### PROBLEM REQUIREMENTS
Restate word for word the section of the entries that opens at the line containing "Set Divano da" and closes at the line containing "R13 R13 Skull", both lines kept, pictures dropped.

------ DATA RECORDS

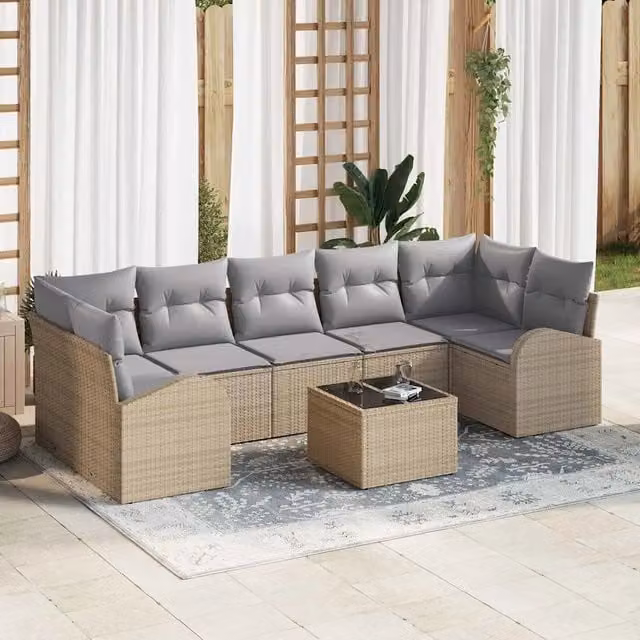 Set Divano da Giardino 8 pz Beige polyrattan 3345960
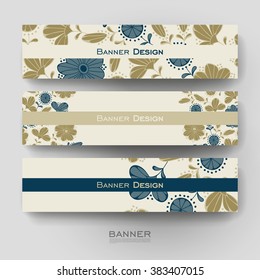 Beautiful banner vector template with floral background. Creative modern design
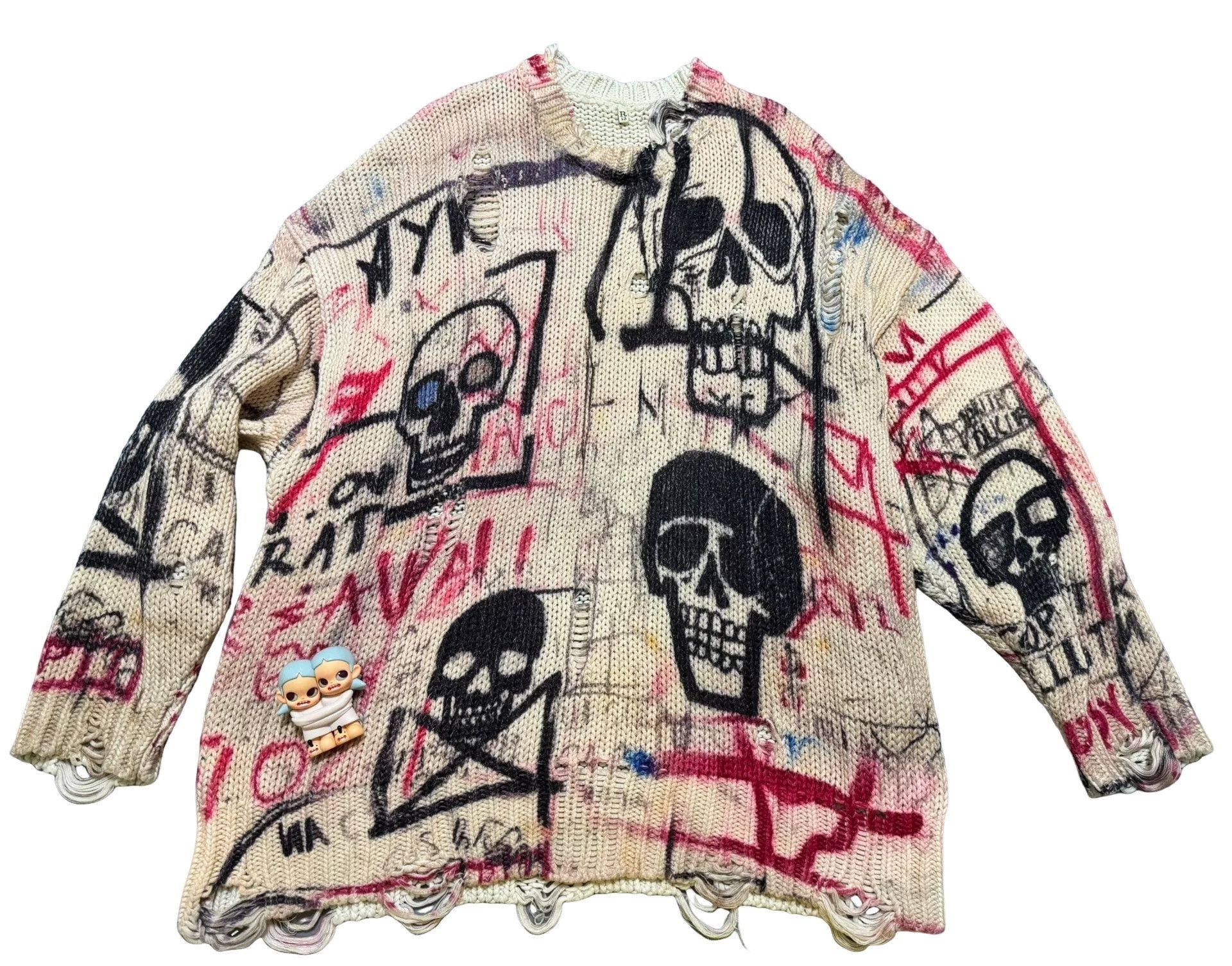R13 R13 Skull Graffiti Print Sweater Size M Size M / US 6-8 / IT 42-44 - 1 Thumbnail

------------
------ DATA RECORDS

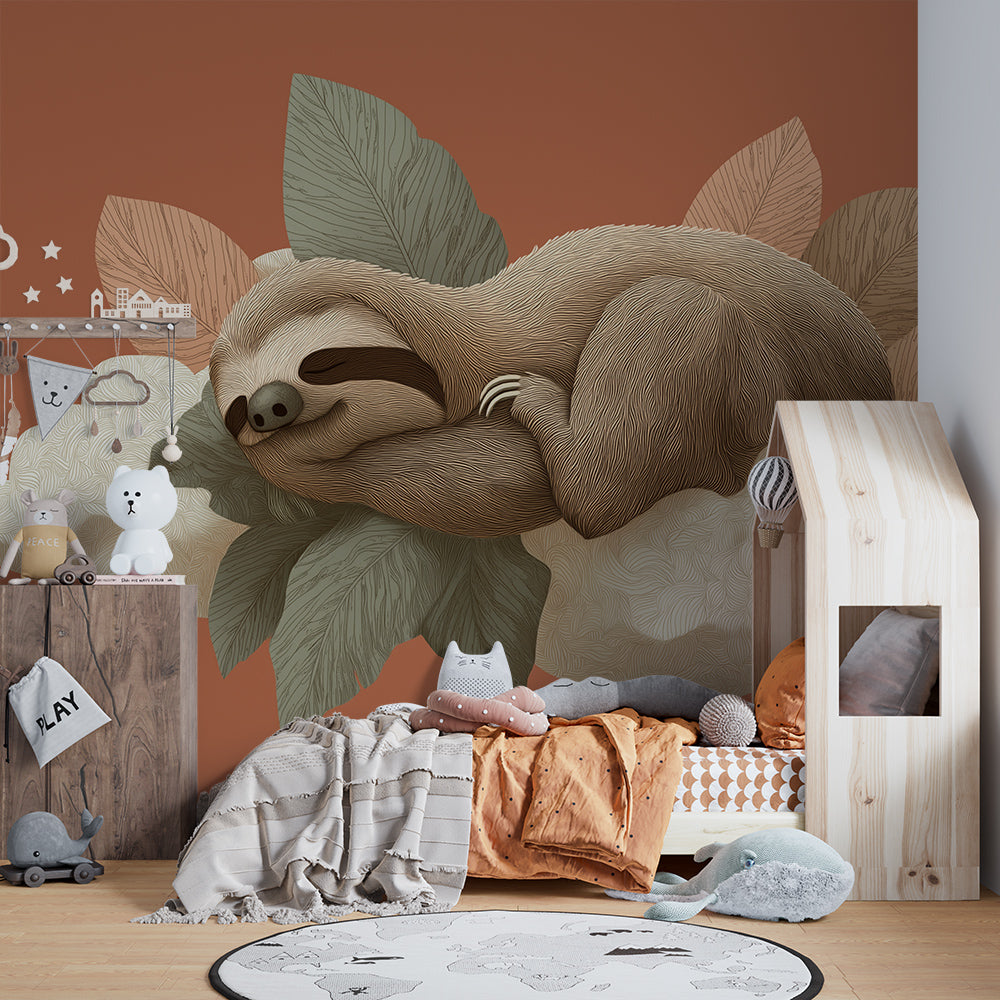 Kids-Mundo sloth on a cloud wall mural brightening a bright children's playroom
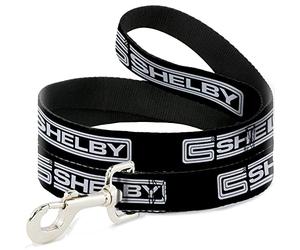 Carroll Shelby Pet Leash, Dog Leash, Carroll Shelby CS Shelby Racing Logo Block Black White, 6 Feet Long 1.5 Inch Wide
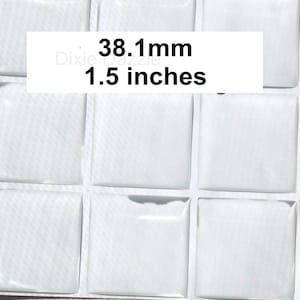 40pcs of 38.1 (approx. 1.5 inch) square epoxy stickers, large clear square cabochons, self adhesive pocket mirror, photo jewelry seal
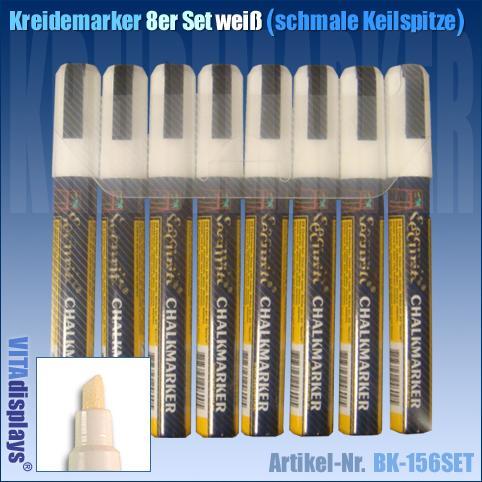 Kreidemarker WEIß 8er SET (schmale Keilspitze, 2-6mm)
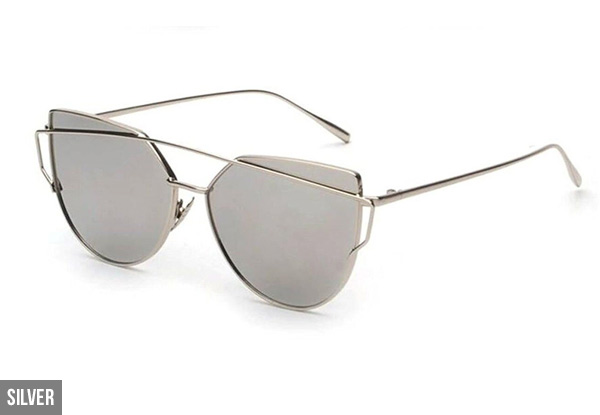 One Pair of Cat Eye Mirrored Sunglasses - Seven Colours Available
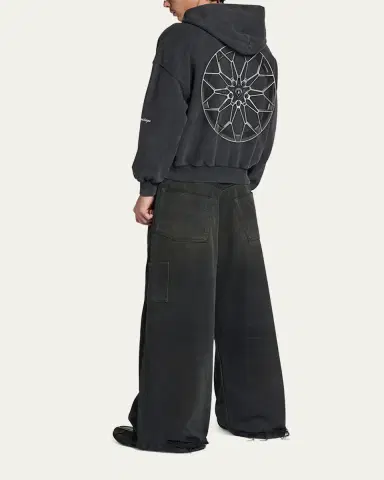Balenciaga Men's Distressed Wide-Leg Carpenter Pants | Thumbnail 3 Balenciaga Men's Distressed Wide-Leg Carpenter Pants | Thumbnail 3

------------

### RESULT OF THE EXERCISE
 Set Divano da Giardino 8 pz Beige polyrattan 3345960
 Beautiful banner vector template with floral background. Creative modern design
R13 R13 Skull Graffiti Print Sweater Size M Size M / US 6-8 / IT 42-44 - 1 Thumbnail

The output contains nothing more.